I am quite serious! I have more wrinkles in January than I did in November, to say nothing of my weight gain, and the lack of sleep. Without those days off to recover from it all I might just not be able to make it, and I suppose that is why I am ready for them to end. Surely it is mighty enjoyable, but it is mighty exhausting too!
I need a moment to breathe, to just be, whatever that means. Perhaps what I need is to sit, or stand, or lie down, and just pray and meditate, and listen to the deep silence in between words and notes of music where God speaks. “Be still and know that I am God,” the psalmist quotes from the Divine. But we are not a people who know about being still. We are people who are on the move. ADD is something we each have some problems with.
Let me be honest and admit that I have a problem being still even at a red light. That minute or two that I am sitting alone in my car waiting for the light to change is a moment where I can check my email or make a call or wonder what I should be doing when I arrive to wherever I am going. If I cannot maintain some semblance of stillness while in my car for a minute, with music coming from the radio, how on earth can I possibly be still enough to know that God is God?

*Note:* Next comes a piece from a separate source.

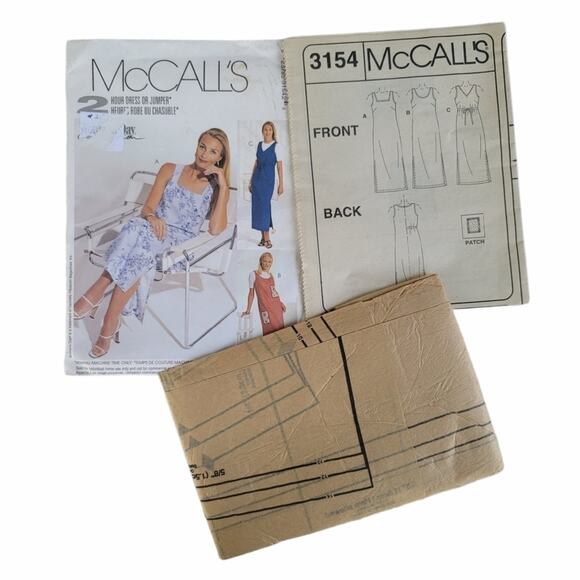 McCall's Sewing Pattern 3154 Dress or Jumper Size 10-14 Vintage UNCUT Petite - Picture 4 of 4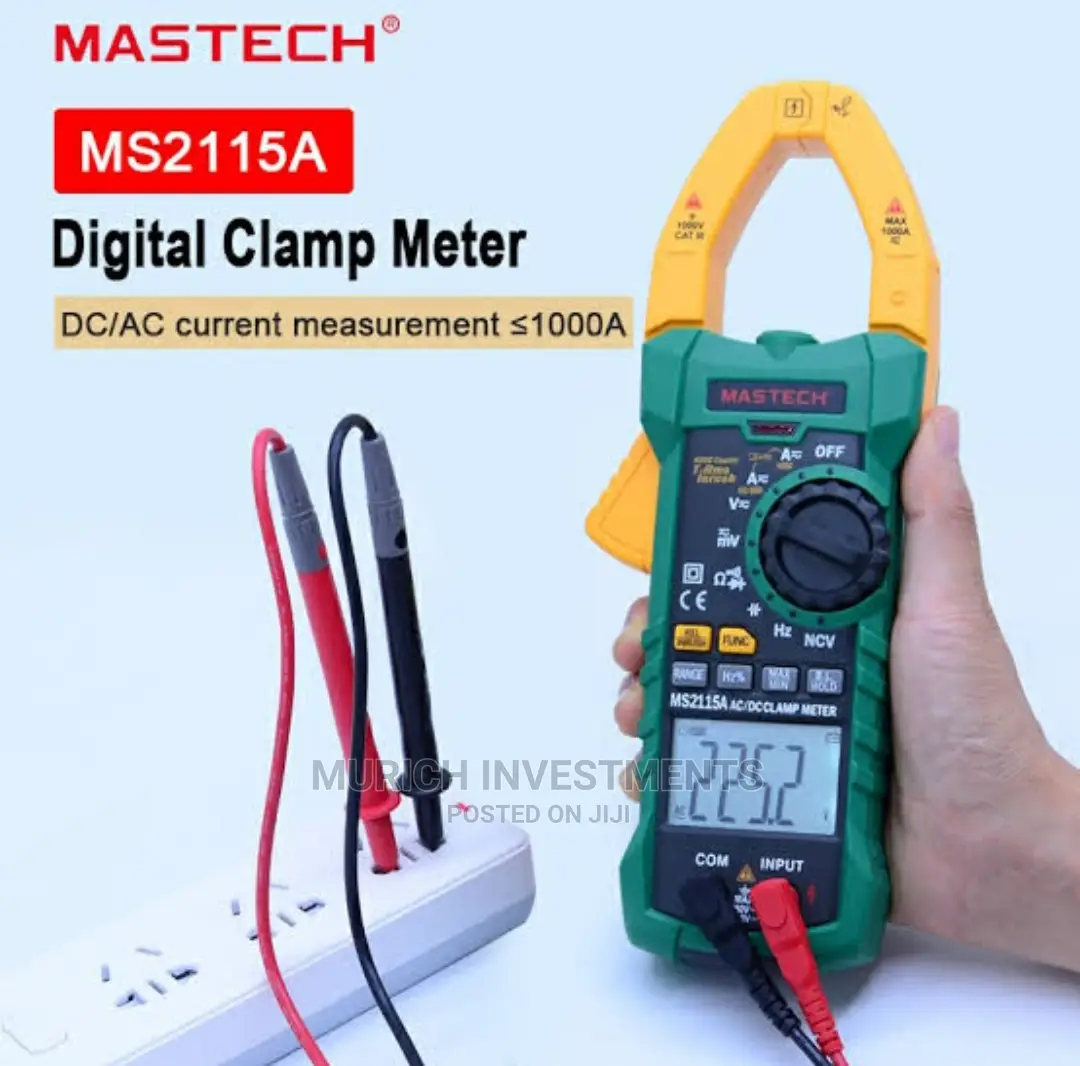 Mastech Ms2115a Digital Clamp Meter Ac/Dc 1000A 600V Current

That is part of a problem we have in my opinion. We do not know God is God. Surely we say we worship God. We go through the motions. Sometimes we even pray on our own, and when we do God better be ready for us. “Do you believe in God?” someone asks. “Why yes I do, of course I do,” we reply but what if someone asked us to explain something of God?
Children ask questions about God because, even if they go a mile a minute, in their innocence there is stillness, and they start to wonder about God. Most of the questions I field in my line of work about God either come from children, the parents of children who need help, or non-believers. Perhaps the rest of us are afraid to ask, afraid to search, or perhaps we cannot be still long enough to realize we are not sure.

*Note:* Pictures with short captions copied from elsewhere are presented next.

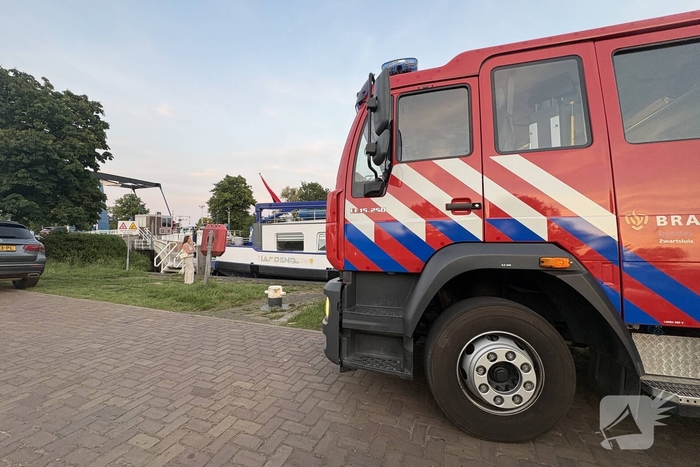 Brand op boot snel geblust
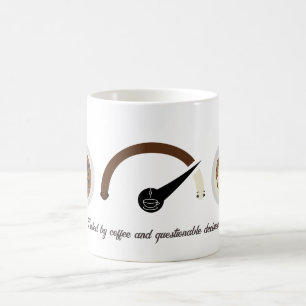 Fuelled by Coffee&Questionable Decisions Low Energ Coffee Mug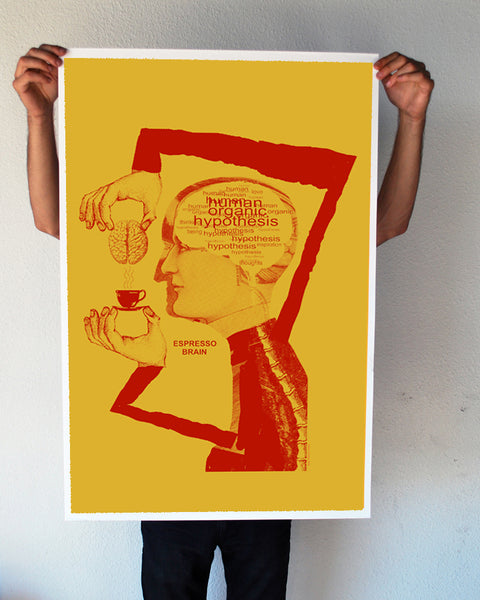 "Espresso Brain" 24x36 Giant Poster (New Item!)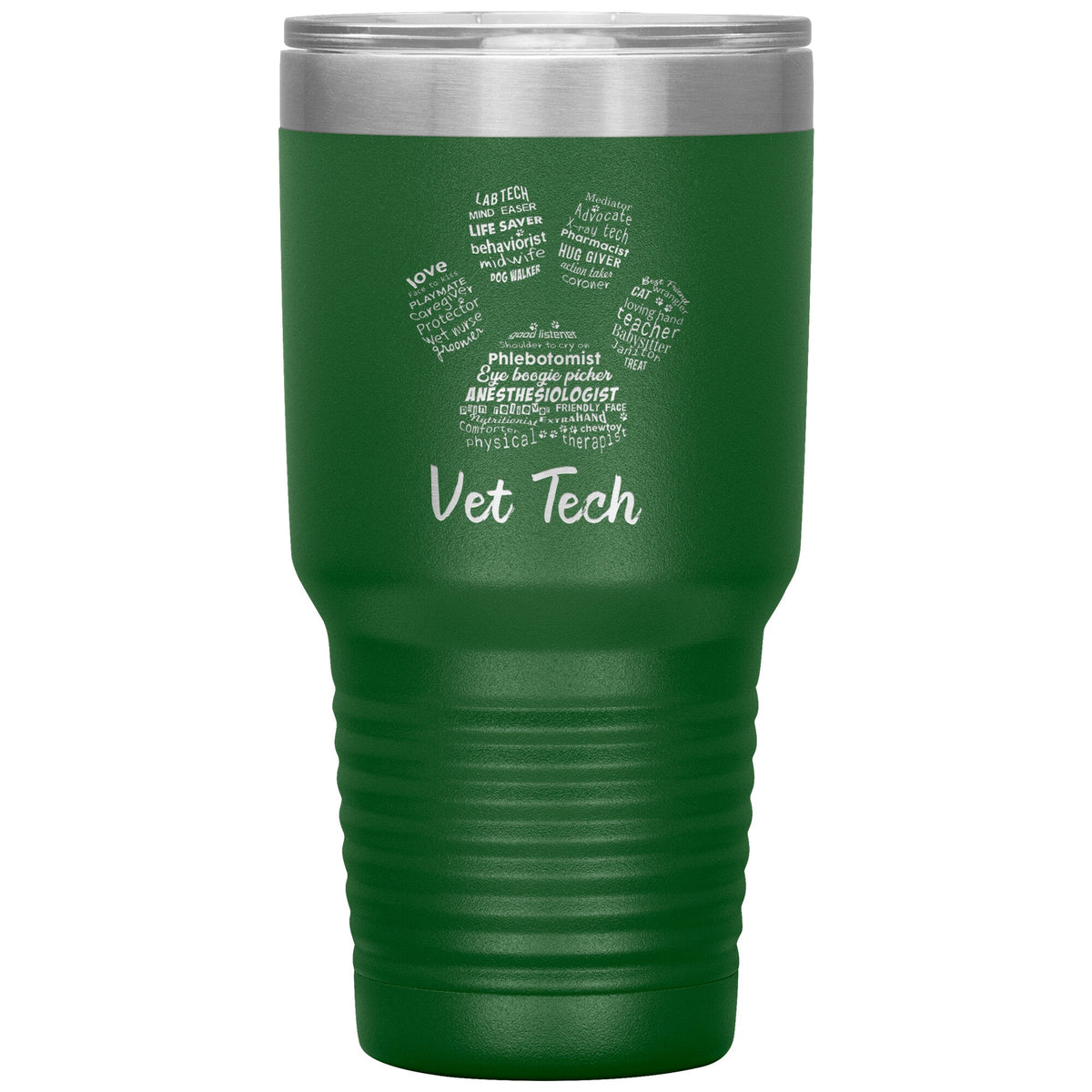 Vet Tech- Paw Print 30oz / TL variant-Tumblers-I love Veterinary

I was speaking to someone from another church who was considering leaving the church behind. “It just doesn’t speak to me anymore.” “Why is that?” I asked. “I don’t really know, I’m just not getting anything out of it. You know what I mean?” “What are you putting into it?” I asked. Then I just got a quizzical kind of look in return like the person never considered about having to put something into it.
I had a friend, a really good friend. We were inseparable for a while, then one of us moved away. Someone asked me the other day how my old friend was doing. “I don’t know, we haven’t talked in years,” I said. “Really? You guys were inseparable, what happened?” I made up some excuses but the truth is we stopped putting anything into the friendship. If one does not tend to their relationships they rarely survive.
The same is true of our relationship with God I have discovered. I have been running so much during the holidays that I have not taken a moment to be still, to sit with God and catch up. I have talked about God, led people in worship of God, but I have not taken much time to sit with God myself. Today I will. I will take a moment and put something into my relationship with God. I am sure it will be refreshing; in fact it may even feel like a holiday.